Newsweek has it all figured out. The American Family Association's Bryan Fischer has been getting in touch with his inner imp. Zany? Wacky? Outrageous? Nah, it is all a ploy to get ratings and irritate the opponents. According to Newsweek:
You might think that attention in the form of mockery is not what a public-policy organization would want. But when your business is waging a culture war, there is no such thing as bad publicity for ideological or rhetorical extremism. Being criticized by liberals in the media raises the profile of a socially conservative organization, and burnishes its credibility among the base. Just ask Sarah Palin, or her fans. Fischer's critics also benefit from the twofer of his being both entertaining and threatening.
Call it "hatertainment."
But he doesn't really mean it, does he? Here is Newsweek's take on that question.
Getting attention from a perch so far off the mainstream media radar screen requires ingenuity. And Fischer is able to shock even jaded journalists and pundits. But does he really believe his most widely circulated statements? Yes and no. A Dec. 21 blog post earned Jon Stewart's mockery on The Daily Show when Fischer asserted, "President Obama wants to give the entire land mass of the United States of America back to the Indians. He wants Indian tribes to be our new overlords." All Obama had done is express approval for the nonbinding U.N. Declaration on Rights of Indigenous Peoples which contains one passage affirming land rights. Does Fischer honestly believe that Obama is going to turn your home over to a Native American tribe? Not really, but by pretending he does—which he defends as "taking Obama at his word,"—he gets to make a ludicrous claim. "Either Obama meant what he said or he's a bald-faced liar," says Fischer. "I don't think Obama meant what he said."
Clever. Let's try that in reverse.
When Fischer says things, either he means what he says or he's a bald-faced liar. You pick.

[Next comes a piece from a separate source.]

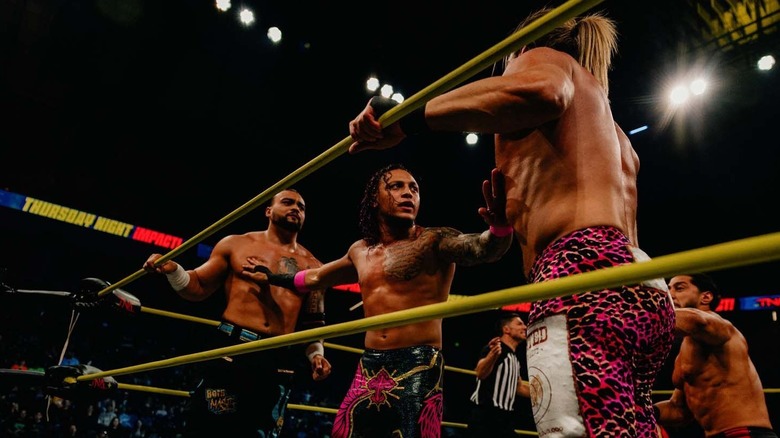 KC Navarro tries to break up a close call fight between TNA World Champion Mike Santana and Nic Nemeth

Maybe President Obama could be a talk show host on the AFA radio network. According to Fischer, the President has got the formula down.
According to Newsweek and Newsweek's experts, the whole shtick is more business than conviction.
"Like all Christian political groups [AFA] has leaders who are entrepreneurial," says Green. "In the past [Christian conservatives] have sometimes been controversial on purpose, to get attention from the rest of us and to raise money for their organizations. It's not that they are insincere, but there are organizational motives." So if Fischer shocks or horrifies coastal media elites by expressing views that they consider bigoted or simply baffling, he is just doing his job.
So if there are "organizational motives," then saying goofy, offensive stuff you don't really mean is not insincere but just part of the biz. Glad that's all cleared up.
After reading the Newsweek piece, I am not sure which more offensive - what Fischer does with his platform or Newsweek's cynical regard for what they portray as business as usual for Christian ministry.